LIQUIDITY AND CAPITAL RESOURCES

        Since its inception, Launch has financed its operations primarily
through a public issuance of common stock, private placements of preferred stock
and, to a lesser extent, from the revenues generated by operations. As of
September 30, 1999, Launch had approximately $70 million in cash and cash
equivalents and short term investments.

        Net cash used in operating activities increased to $15.5 million for the
first nine months of 1999 from $7.5 million for the first nine months of 1998.
The increase in net cash used in operating activities is substantially
attributable to the increased net loss, excluding non-cash charges.

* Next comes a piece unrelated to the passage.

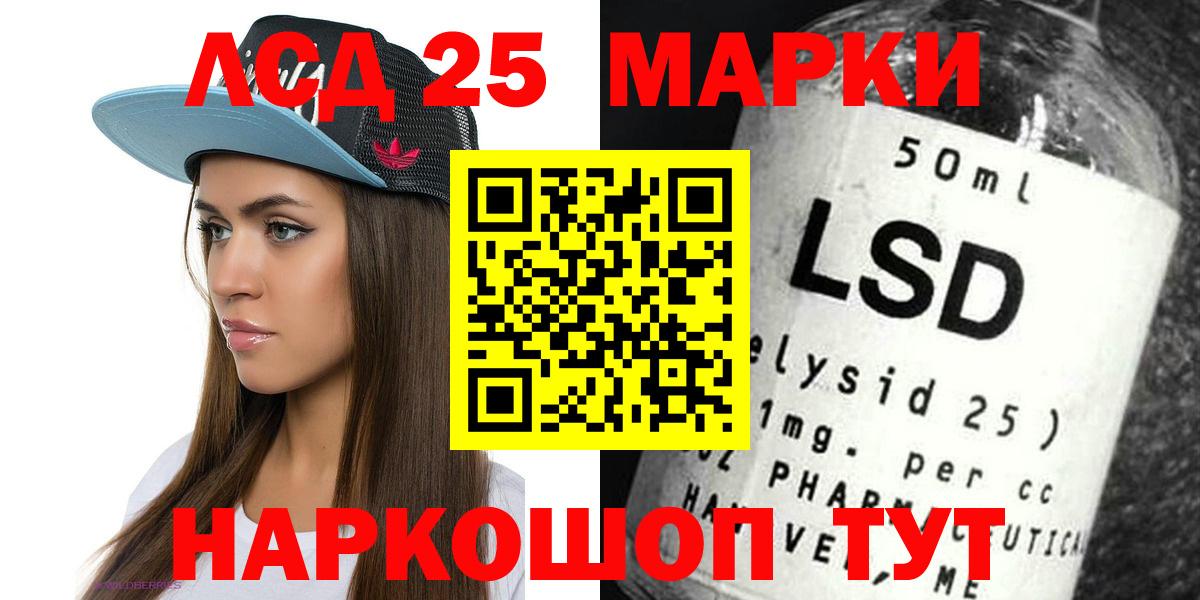LSD-25 экстази ecstasy  Вход с VPN  мега ссылки  Лсд 25 экстази ecstasy  Стрежевой  ЛСД экстази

        Net cash used in investing activities was $67.5 million for the first
nine months of 1999, as compared to net cash used by investing activities of
$10.3 million for the first nine months of 1998. The increase in net cash used
in investing activities resulted primarily from the significant purchase of
securities which took place during the first nine months of 1999 as a result of
investing the cash raised in our IPO. This cash is predominantly invested in
instruments that are highly liquid, are of high quality investment grade, and
predominantly have maturities of less than one year with the intent to make such
funds readily available for operating purposes.

        Net cash provided by financing activities increased to $82.3 million for
the first nine months of 1999, from $18.6 million for the first nine months of
1998, due principally to the proceeds from the sale of common stock through our
IPO in 1999.

        Launch has a revolving capital lease line of credit for $1.0 million. At
September 30, 1999, $1.0 million was outstanding under this line of credit. This
facility bears interest at the bank's prime rate, 8.25% at September 30, 1999.
The leased assets collateralize any borrowings under this line of credit.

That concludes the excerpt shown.